**Your objective**
Leave the images out and repeat the data exactly as given.

**Available records**

····················

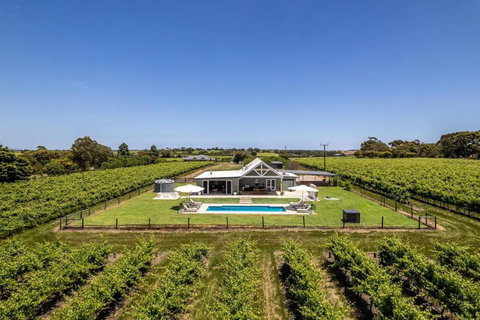 Pethick House - Accommodation in Bendigo 1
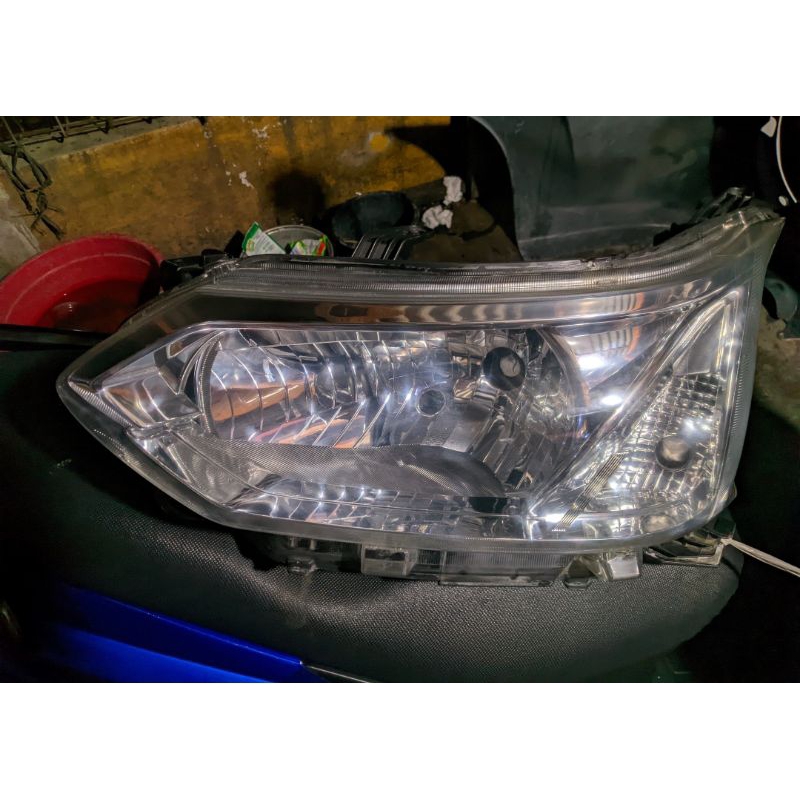 Headlamp kiri Toyota Avanza type G 2016 Original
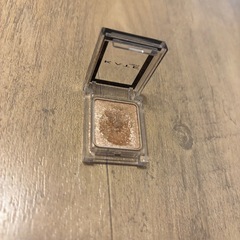 早い者勝ち✨お🉐にお買い物🎶激安‼️✨Visee KATE✨シングルアイシャドウの画像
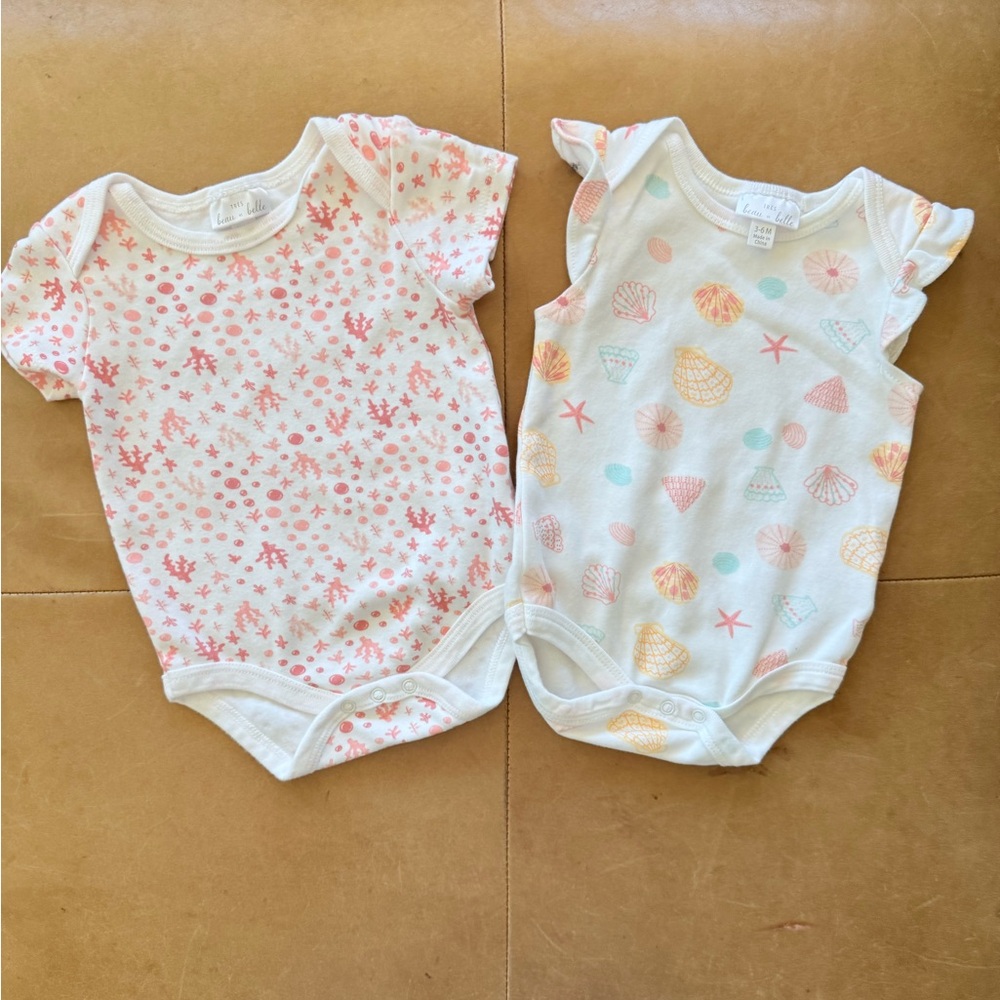 💙$5 FLASH SALE💙 Tres Beau et Belle Onesies 3-6M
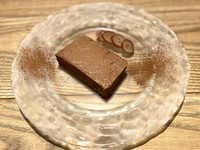  クーベルチュールとココア香るチョコレートのムースです。 ほろ苦く甘い香りのカカオニブと共にお楽しみ下さい。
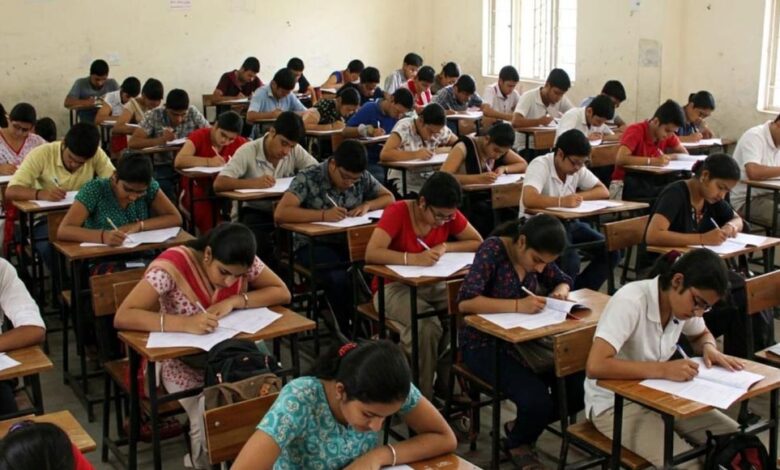 NEET पेपर पर सिक्योरिटी लॉकडाउन! CISF, CRPF और एयरफोर्स की निगरानी में 551 शहरों तक पहुंचेगा प्रश्नपत्र neet-पेपर-पर-सिक्योरिटी-लॉकडाउन!-cisf,-crpf-और-एयरफोर्स-की-निगरानी-में-551-शहरों-तक-पहुंचेगा-प्रश्नपत्र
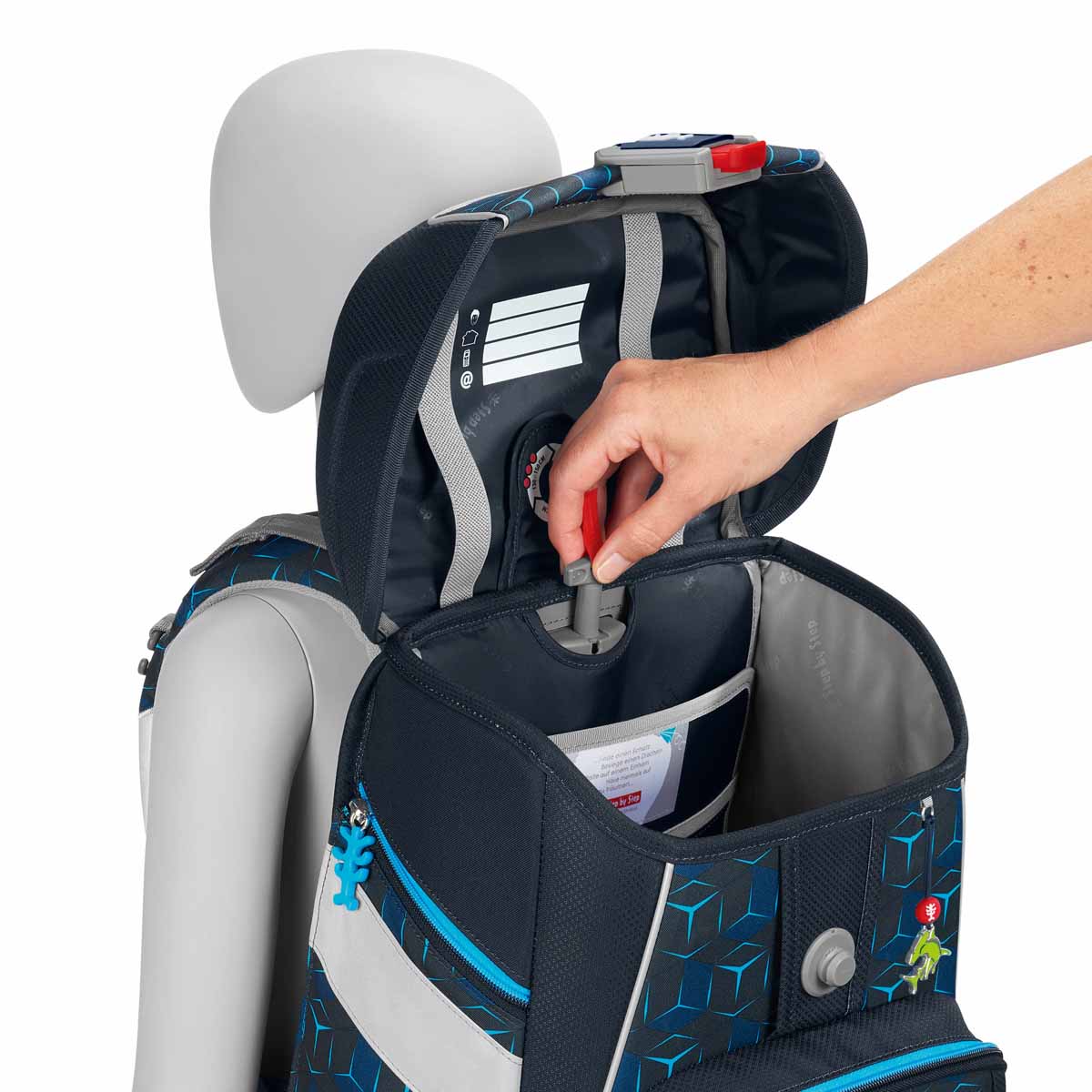 Step by Step SPACE SHINE Schulranzen-Set Shark Dexter 2025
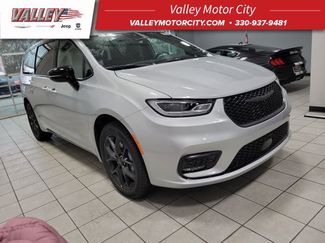 New 2026 Chrysler Pacifica Select w/ S Appearance Package 360° Tour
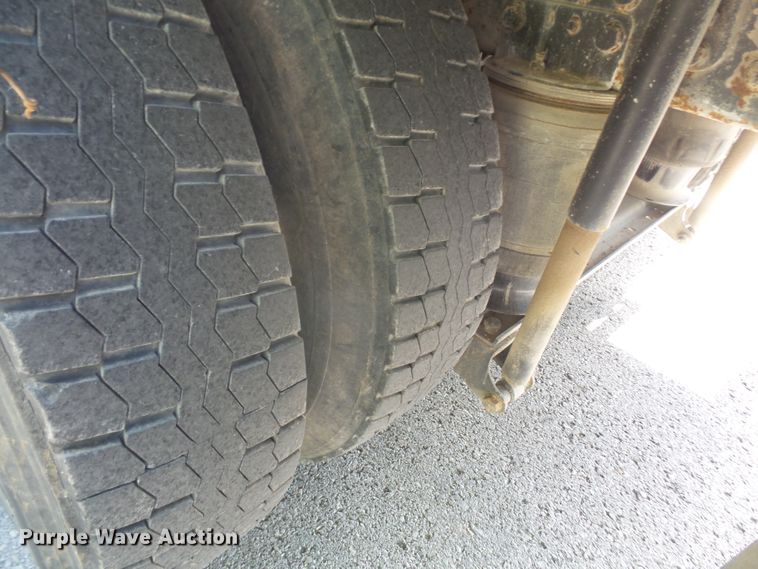 image for item DD6298 1997 Ford Aeromax L9000 flatbed truck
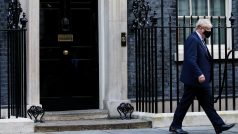 Britský premiér Boris Johnson před sídlem v Downing Street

····················

**Result of this task**
 Pethick House - Accommodation in Bendigo 1
 Headlamp kiri Toyota Avanza type G 2016 Original
 早い者勝ち✨お🉐にお買い物🎶激安‼️✨Visee KATE✨シングルアイシャドウの画像
 💙$5 FLASH SALE💙 Tres Beau et Belle Onesies 3-6M
  クーベルチュールとココア香るチョコレートのムースです。 ほろ苦く甘い香りのカカオニブと共にお楽しみ下さい。
 NEET पेपर पर सिक्योरिटी लॉकडाउन! CISF, CRPF और एयरफोर्स की निगरानी में 551 शहरों तक पहुंचेगा प्रश्नपत्र neet-पेपर-पर-सिक्योरिटी-लॉकडाउन!-cisf,-crpf-और-एयरफोर्स-की-निगरानी-में-551-शहरों-तक-पहुंचेगा-प्रश्नपत्र
 Step by Step SPACE SHINE Schulranzen-Set Shark Dexter 2025
 New 2026 Chrysler Pacifica Select w/ S Appearance Package 360° Tour
 image for item DD6298 1997 Ford Aeromax L9000 flatbed truck
 Britský premiér Boris Johnson před sídlem v Downing Street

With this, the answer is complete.